------ DATA BLOCK ------

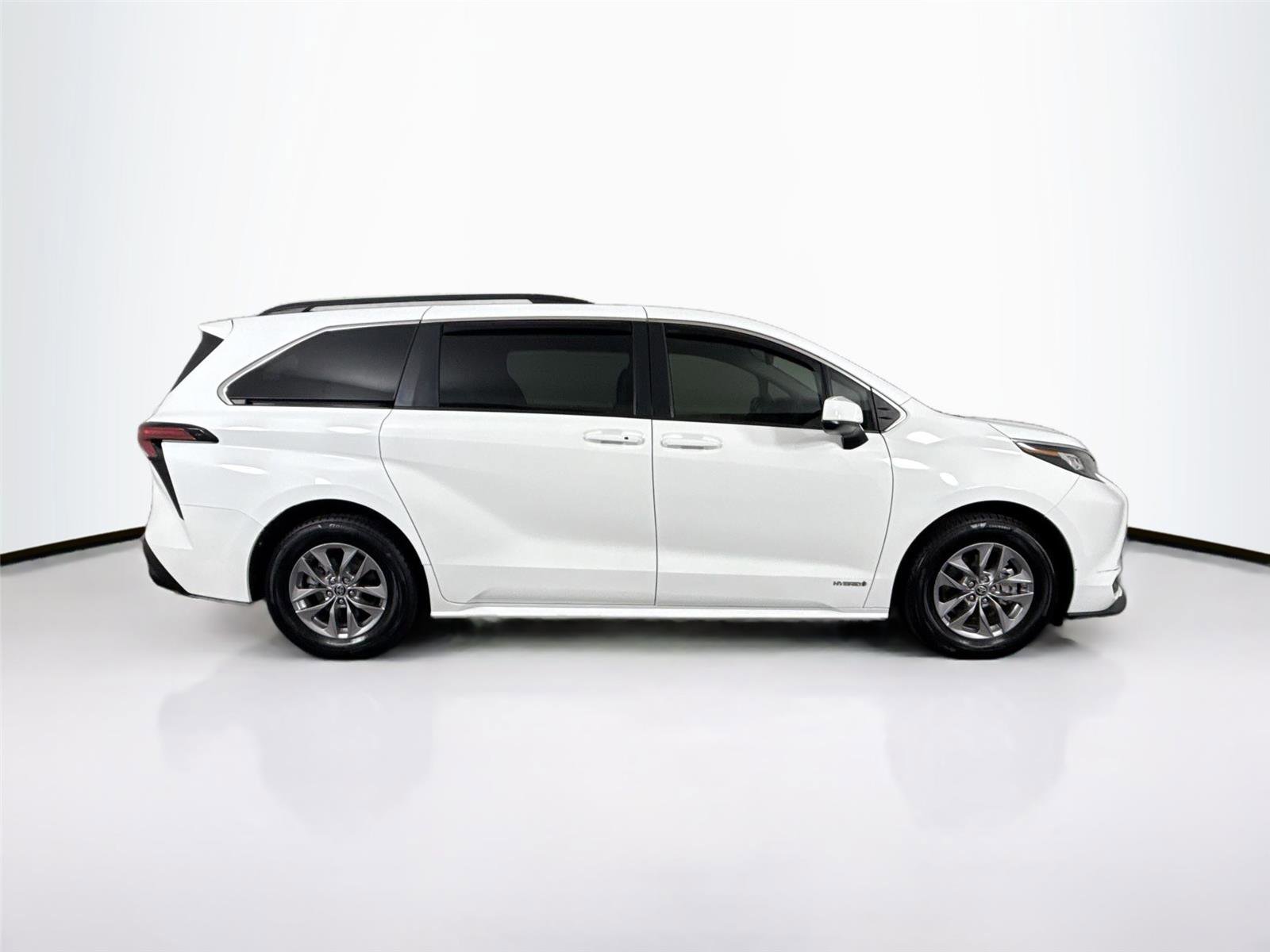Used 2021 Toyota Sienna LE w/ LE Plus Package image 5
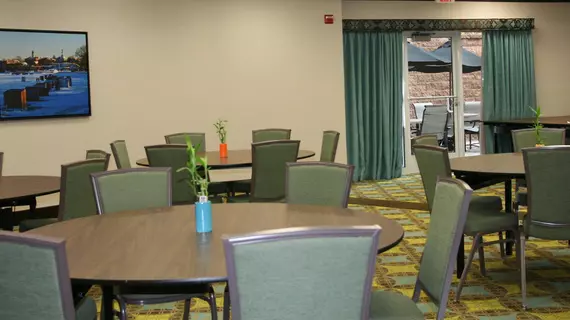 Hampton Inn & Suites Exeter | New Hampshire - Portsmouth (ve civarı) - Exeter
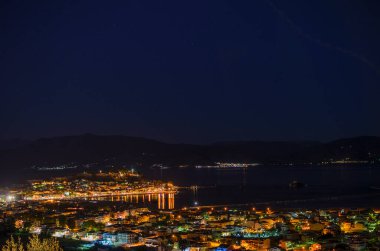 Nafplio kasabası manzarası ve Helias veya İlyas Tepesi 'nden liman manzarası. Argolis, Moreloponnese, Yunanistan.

------

**TASK STATEMENT**
Would you return the whole listing exactly, without the pictures?

**WRITTEN SOLUTION**
Used 2021 Toyota Sienna LE w/ LE Plus Package image 5
 Hampton Inn & Suites Exeter | New Hampshire - Portsmouth (ve civarı) - Exeter
 Nafplio kasabası manzarası ve Helias veya İlyas Tepesi 'nden liman manzarası. Argolis, Moreloponnese, Yunanistan.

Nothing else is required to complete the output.